Willy Miranda could hit from either side of the plate, theoretically an advantage. But he batted just .221 with six home runs in more than 2,100 plate appearances during his nine-year career as a major league shortstop.
“The joke was he hit left, right and seldom,” Ernie Harwell, the Hall of Fame broadcaster who handled play-by-play for the Orioles in the ‘50s, told me years ago in an interview for my book on Orioles history.
But as woeful as the Cuban-born Miranda was at the plate, he was that good with his glove. His quick feet, sure hands and strong arm gave the Orioles’ infield an anchor for several seasons in the late ‘50s.

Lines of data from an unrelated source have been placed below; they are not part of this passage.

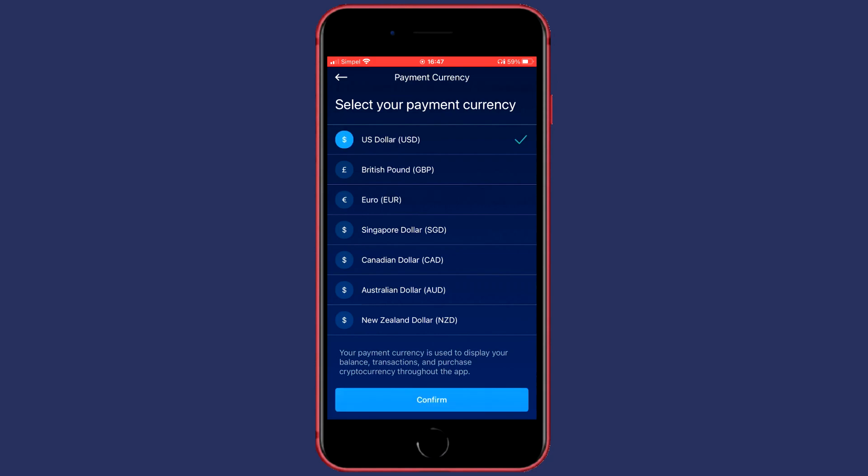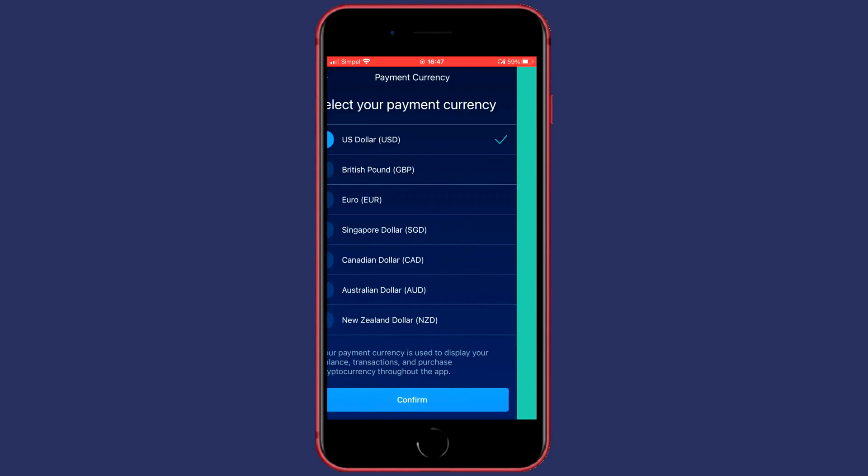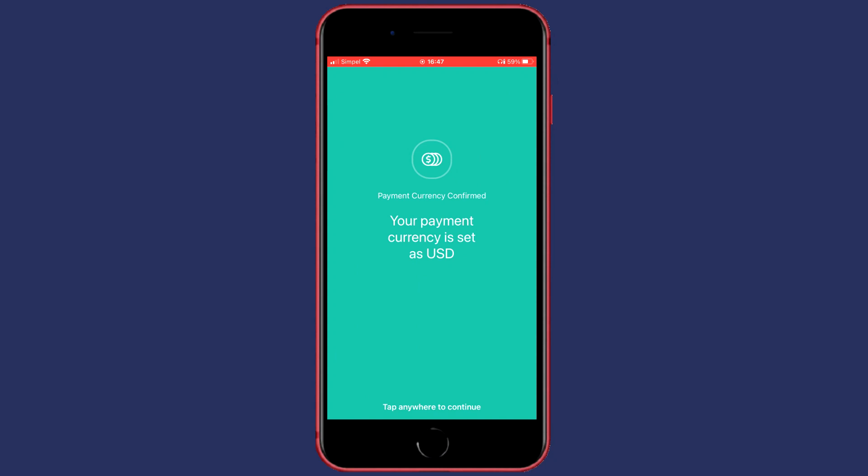If you have found the currency you want to use, click on Confirm. You'll then see a screen saying 'Payment currency confirmed. Your payment currency is set as' and then the currency you've set it to.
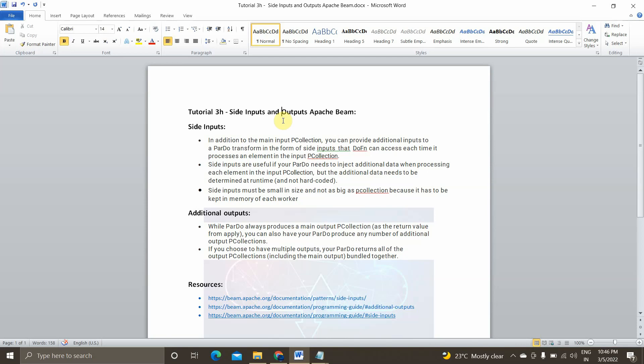Hey guys, I am Viknesh and welcome back to my YouTube channel Cloud and AI Analytics. Hope everyone are doing good. So in today's video, we will be seeing the last available transformation functions in Apache Beam — that is side inputs and side outputs, or additional outputs.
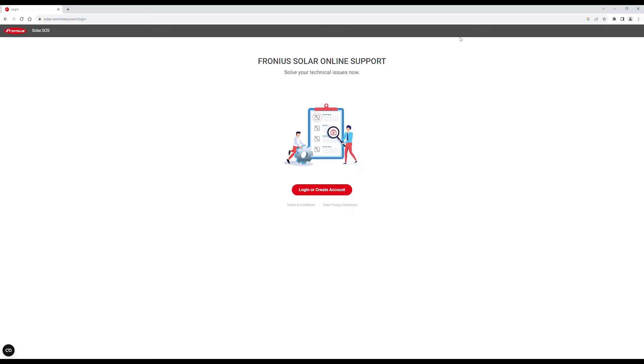Do you want to reduce the amount of time you spend on site for servicing? In this video, we will show you how to raise a case with Fronius technical support via Solar SOS.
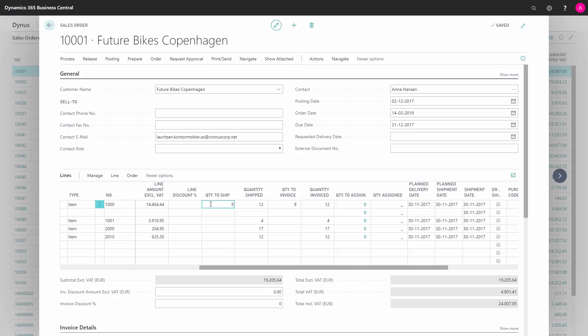Because otherwise, this sales order line will create a demand into the MRP planning, and the MRP will have a demand two years ago, and therefore the planner doesn't understand what is happening on this item, even though they are trying to clean up everything.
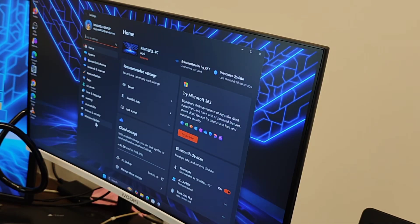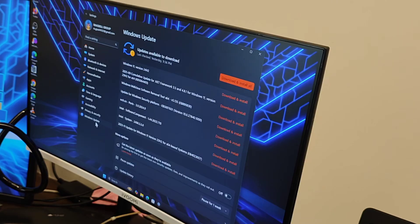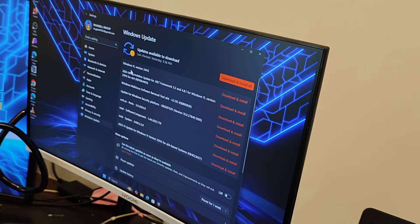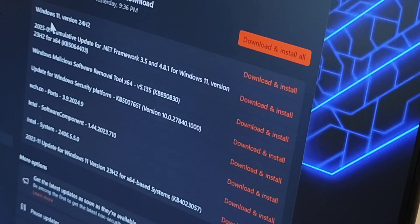So it comes with Windows 11 latest version and you can go and update. Currently this is Windows 11, 24H2, as you can see it here.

“Great arm, covered a lot of ground,” Dick Williams, who was Miranda’s teammate in Baltimore and later made the Hall of Fame as a World Series-winning manager, told me in his interview for my book.
Soon after Paul Richards joined the Orioles as their manager/GM following the 1954 season, he engineered a 17-player trade with the Yankees that included Miranda in the incoming haul. Billy Hunter, who’d played shortstop for the Orioles in 1954, was sent to New York, opening the job for Miranda, who was 29 and had never been a frontline player. But playing every day for the Orioles in 1955, he led the American League in putouts, assists and double plays. According to baseball-reference.com, he also led the league in range factor, an advanced metric calculated in hindsight.
His defensive wins-above-replacement grade, another advanced metric calculated in hindsight, was even higher in 1956.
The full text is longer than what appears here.